The bottom line is, physicians need to communicate better with patients, at a level that takes into account their health literacy, and patients need to be more actively engaged in their own care, according to the policy statement, which was published in the Journal of the American College of Cardiology (2012, May 14:doi:10.1016/j.jacc.2012.03.016).
"As clinicians, we have been taught for many years to give patients orders and expect things to happen," said Dr. Alfred A. Bove, professor emeritus, Temple University, Philadelphia, and vice chair of the patient-centered care committee, in a statement. "But when it comes to the day-to-day management of chronic conditions like heart disease, we have to empower patients to be actively involved in their own care. We won’t be effective unless we move toward a patient-centered approach. This initiative is intended to help us get there."
The statement is not designed to tell physicians how to manage their practices, said Dr. Walsh. It’s a call to payers and policy makers to help give physicians the tools they need to move to patient-centered care, she said. "The onus is not on the doctors here," said Dr. Walsh.
However, it does urge physicians to start thinking about educating patients in a variety of ways, including pamphlets, online programs, community events, and group education sessions. The statement estimates that 89 million American adults – one-third the population – are not literate enough, health-wise, to follow through on recommendations for tests and treatments and self-monitoring. Educational content should also be tailored to patients’ individual health situations and needs.
The next step should be to create easy-to-use decision aids for patients – so they are no longer passive recipients of recommendations for care – and self-management programs, including web portals, so that patients also engage in monitoring chronic conditions. Such portals are currently rare but will likely be required for physicians who want to qualify under stage 2 of the meaningful use criteria for Medicare’s electronic health record incentive program.
Dr. Walsh admitted that, even in her practice, she relies on outdated technology – giving patients a printed-out grid for monitoring their blood pressure – that is not ideal for engaging them in their own care.

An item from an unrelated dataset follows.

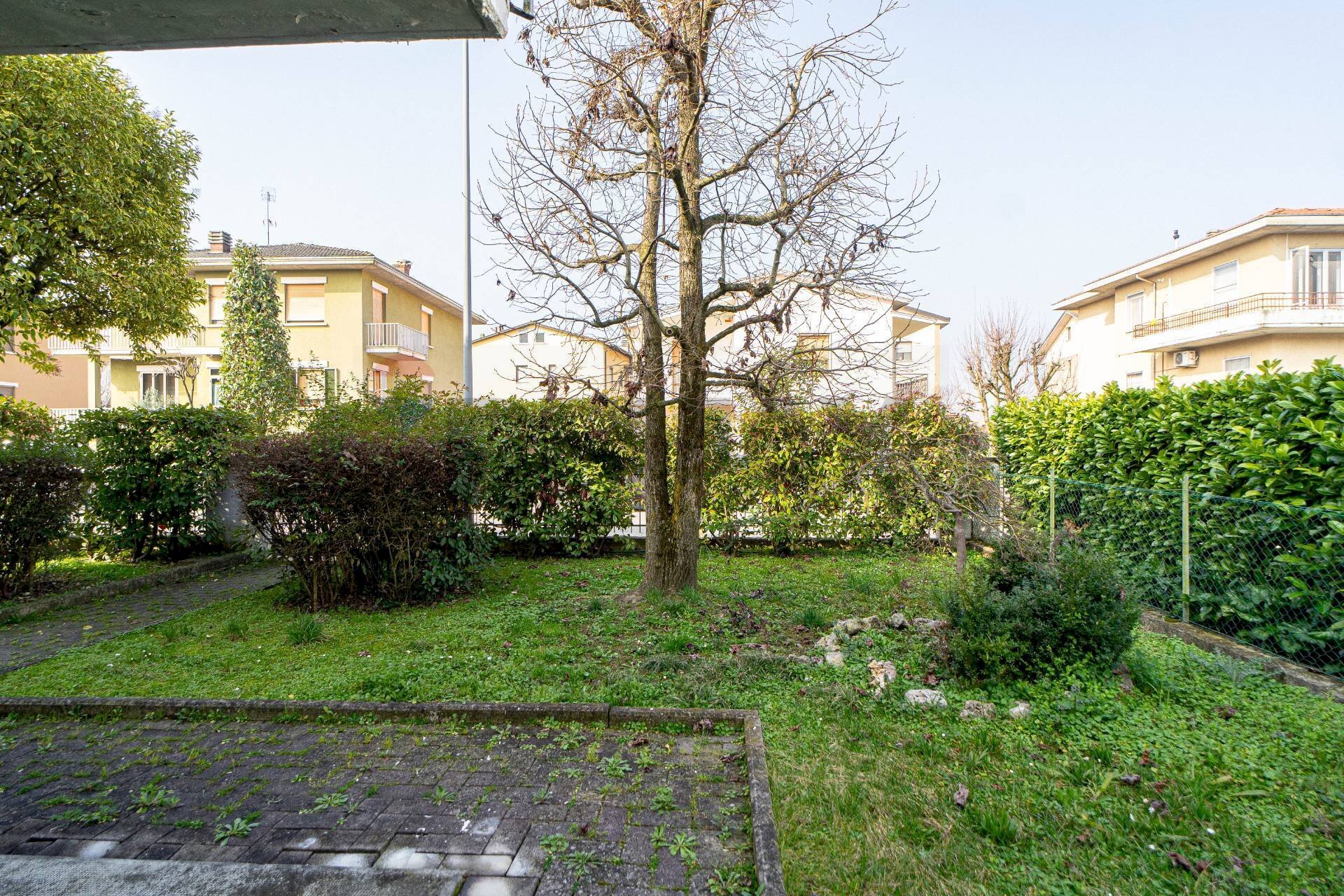 Giardino - Villa Via giovanni XXIII
5, Torrile - foto 3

But for starters, she says, the ACC has a portal of sorts, the CardioSmart website, which offers patients some decision aids and information about various conditions and tests and treatments in lay-friendly language.

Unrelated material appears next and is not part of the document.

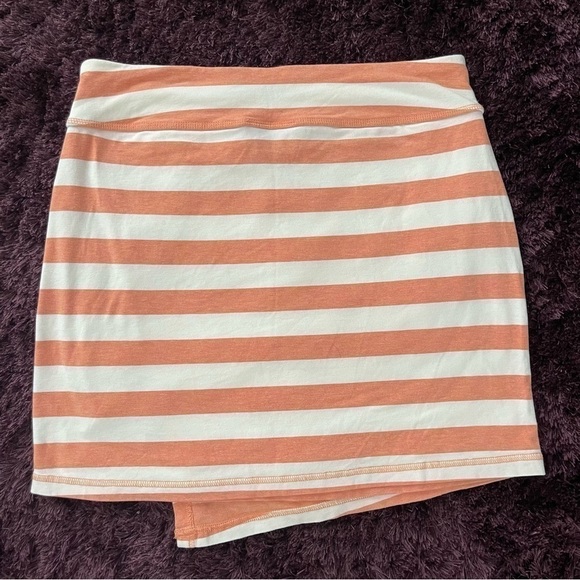 Athleta short skirt soft, cute and comfy - Picture 7 of 12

The ACC is also hoping to make inroads with the idea that cardiovascular specialists can lead medical homes, for certain patients. "We know that not every cardiologist will be a home for every patient," said Dr. Walsh. But for transplant patients, those with ventricular assist devices or congenital heart disease, the primary physician is a cardiologist or a surgeon, she said.
The specialist-led medical home will not operate to the exclusion of the traditional medical home; it will be one of many models, said Dr. Walsh.
The policy statement envisions a care team "to manage patients with advanced cardiac disease across the continuum of care from the stable outpatient environment to the level of intensive in-hospital care without changing care teams." Such a team would be directed by cardiologists with advanced training in cardiovascular disease management and include nurse practitioners, pharmacists, educators, and technologists with expertise in echocardiography, myocardial perfusion imaging, and other advanced imaging.
Overall, the policy statement "clearly puts a stake in the ground as far as what we as a professional society feel is important," said Dr. Walsh, who added that she expected that the statement will be used to educate physicians and payers and be taken to all of its discussions on Capitol Hill.